Data section ->
┏━━
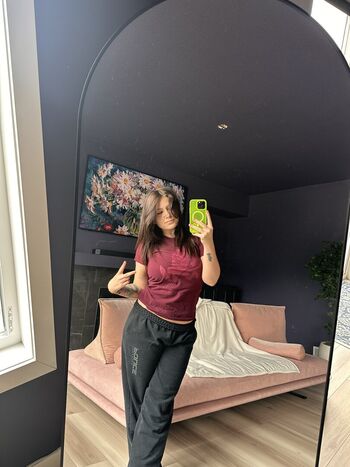 🔥 Fooya leaked private photo uncensored full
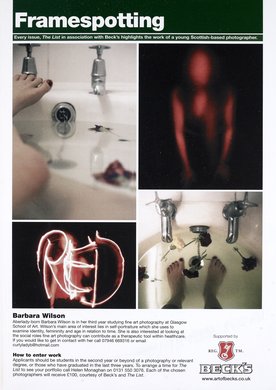 Issue 438 — Inside back cover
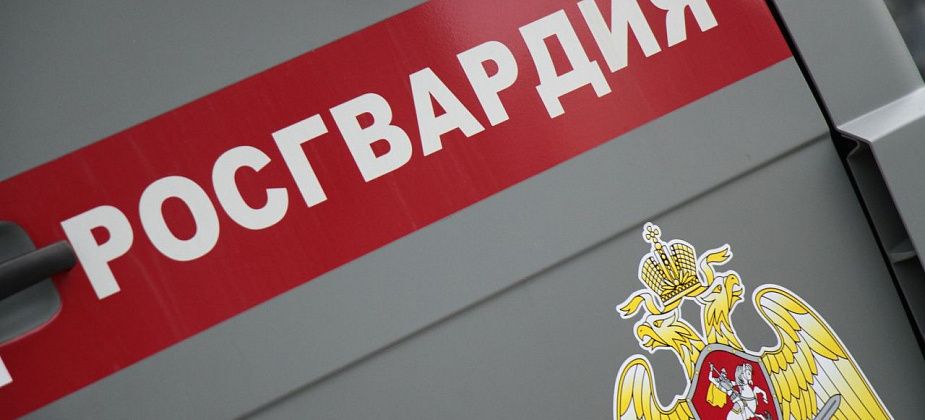 За безопасность учреждений образования Краснотурьинска будет отвечать бывший росгвардеец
┗━━
The problem -> Transcribe each line above verbatim, with the pictures left out.

Output for this exercise ->
 🔥 Fooya leaked private photo uncensored full
 Issue 438 — Inside back cover
 За безопасность учреждений образования Краснотурьинска будет отвечать бывший росгвардеец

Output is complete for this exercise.